Ils devinèrent la plage sous une écharpe de brume. Ils » terrirent « , et virent les tristes pancartes » décorées « d’une tête de mort et de deux tibias, et surtout l’inscription en allemand » ACHTUNG MINEN « .
Il convient que je signale » in extenso » pour mieux la souligner, l’attitude de Georges : il dit à ses compagnons : « Restez là, je me sacrifie » Il traversa donc la plage et se dirigea vers un homme qui venait d’apparaître. Georges lui demanda tout de go : « Sommes-nous boches ou Américains ? » L’homme sortit de sa poche un paquet de cigarettes américaines, des Camel. Georges le cria aux autres qui mirent leurs pas dans les siens. C’était sur le plage de Denneville. Georges était heureux et malheureux à la fois, il pensa à Emile PITON, Julien LETERRIER, Georges LEBRETON avec lesquels il avait caressé dès le début de 1943 l’espoir de vivre des instants comme ceux là.

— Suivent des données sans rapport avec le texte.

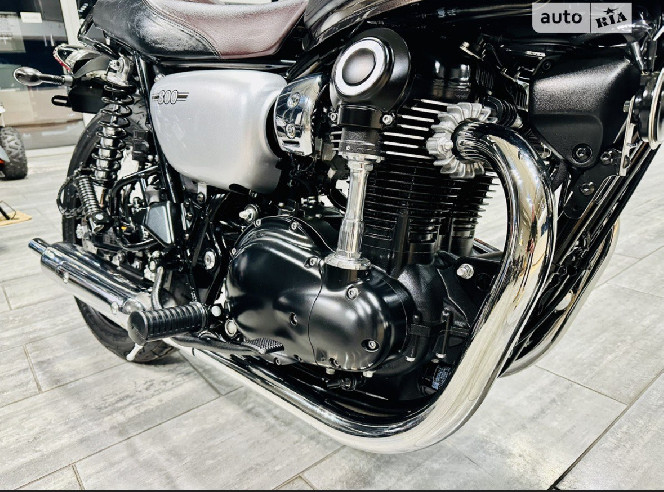 Мотоцикл KAWASAKI W800 2019 год, б/у (2 000 км)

Le 22 juillet 1944, à Cherbourg, c’est l’engagement dans l’armée de terre. Les pérégrinations –officielles cette fois – conduiront Georges à Liverpool puis à Glascow. Embarquement pour Alger, en train pour le Maroc à Meknès. Retour en mai 1945 à Saumur, c’est la démobilisation, le retour au pays.
En 1960, dans Coutances, je rencontrai Georges. Au cours de la conversation, je lui dis « Finalement, tu n’as pas connu les allégresses de la Libération » Il me répondit « Ce n’est pas le plus important »
Georges, je t’estimais car c’est certain, tu étais quelqu’un de bien.